PP-339 and PP-647:release vnodes early from running jobs


#82

That is possible but I would rule that out at least for the first release of this feature. I think the plan is to eventually allow all types of nodes to be releasable, but because more work need to be done in understanding what needs to be done with vnodes managed by cpuset-ted moms and Cray-aware moms, we’ve special cased them right now, but I foresee these to get removed later…


#83

@bayucan if release_nodes_on_stageout is requested without stageout being requested in qsub then would it be ignnored or qsub will throw error?

  • under example in interface 4, you have added following command twice showing ‘u’ record and ‘c’ record both. Is it by mistake?

% pbs_release_nodes -j 241 lendl


#84

It gets ignored.

Yes, it’s a mistake. Let me fix that. Actually, there’ll always be a ‘u’ and ‘c’ accounting records pair for every pbs_release_nodes call.


#85

Based on the recent comments received, the design doc,

Node Rampdown Design v22

has been updated…


#86

Please add this to the EDD.


#87

Should this get ignored or throw an error? It is an erroneous condition. You won’t be staging out, so why say release nodes on stageout? Should we tell the user they’re doing something wrong? I could go either way on this, but I am slightly leaning towards throwing an error. In any case, please document what happens in either case.

Bhroam


#88

he EDD says about release_nodes_on_stageout:

“When set to ‘true’, this will do an equivalent of ‘pbs_release_nodes -a’ for releasing all the sister nodes when stageout operation begins"
So when PBS sees there’s a stageout operation to be done, then it checks if 'release_nodes_on_stageout=true” and frees up the sister nodes.

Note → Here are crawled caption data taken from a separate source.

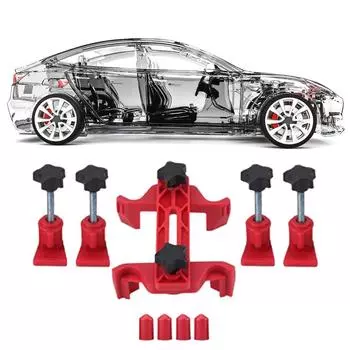 Инструмент для фиксации распределительного вала Набор инструментов для фиксации зубчатой передачи ГРМ Универсальный зажим для зубчатой передачи Двойной зажим для кулачка Ручной инструмент Фиксатор распределительного вала красный
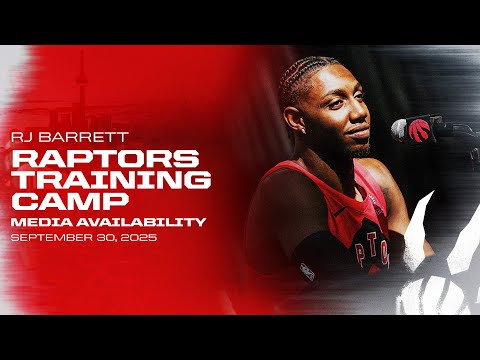 RJ Barrett | Raptors Training Camp | September 30, 2025
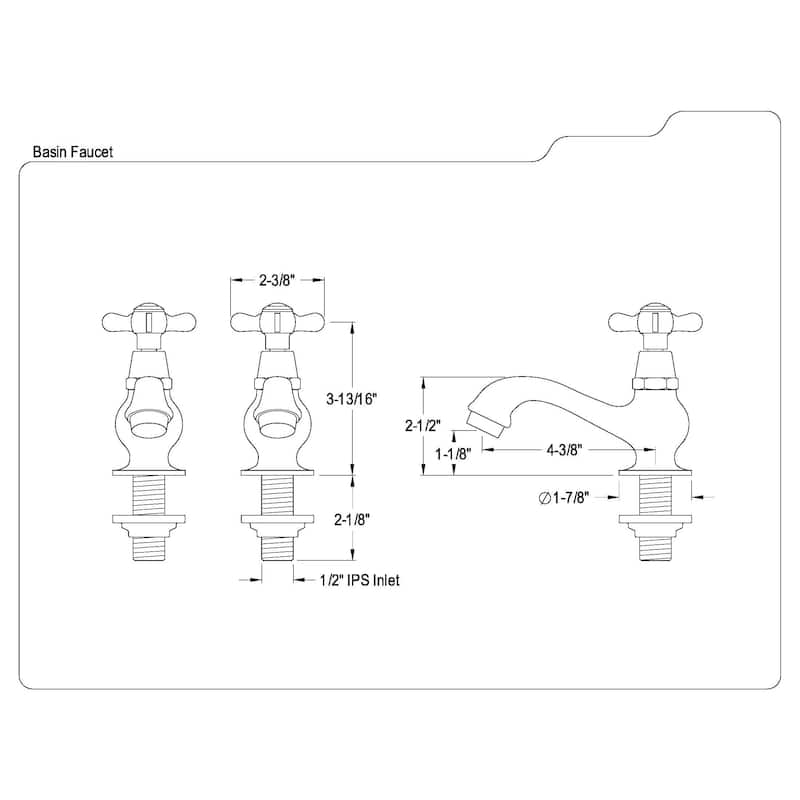 Kingston Brass Classic Basin Taps Cross Handles Bathroom Faucet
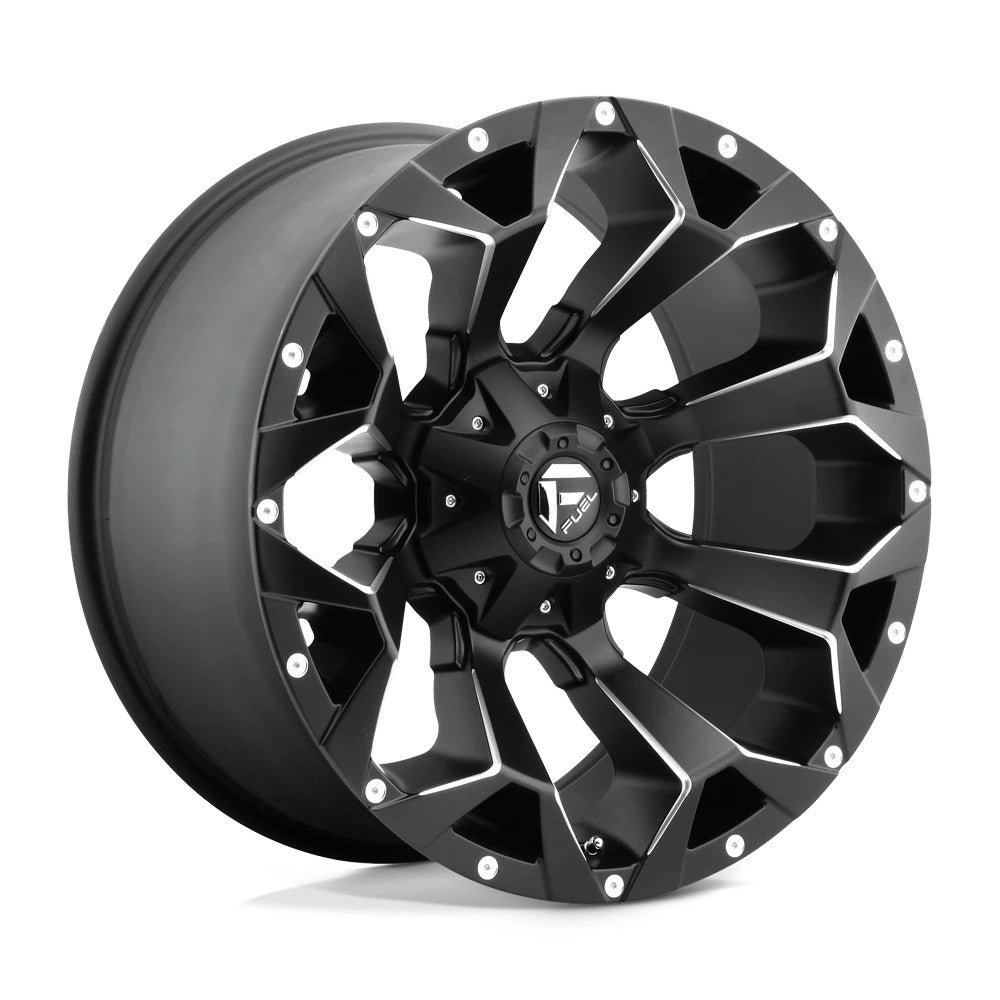 Fuel 1PC D546 Assault Matt Black Milled 20x12 4X4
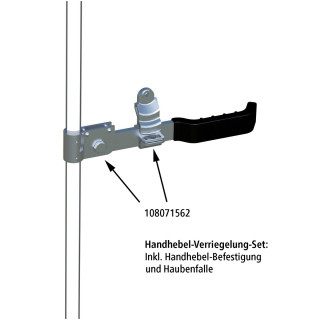 Handhebel-Verriegelungs-Set, verzinkt, für Ø 27 mm Drehstange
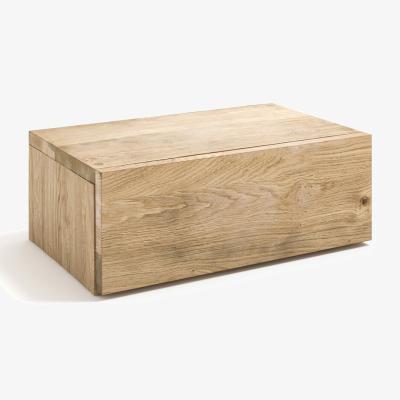 La Redoute Paul Solid Oak Wall-Mounted Bedside Table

I don’t think we need to explicitly create a new error message if there’s no stageout operation and yet release_on_stageout=true. I will document in the EDD that in this case, nothing happens, release_nodes_on_stageout is not consulted (ignored).


#89

I also don’t want to prevent admins from setting ‘release_nodes_on_stageout=true’ for all jobs via a hook or default_qsub_args, to catch a case when user specifies -Wstageout= parameter. Otherwise, jobs without stageout option will error out…


#90

You have a good point there. If someone defaults release_nodes_on_stageout to true, we don’t want to start rejecting jobs that don’t stage anything out.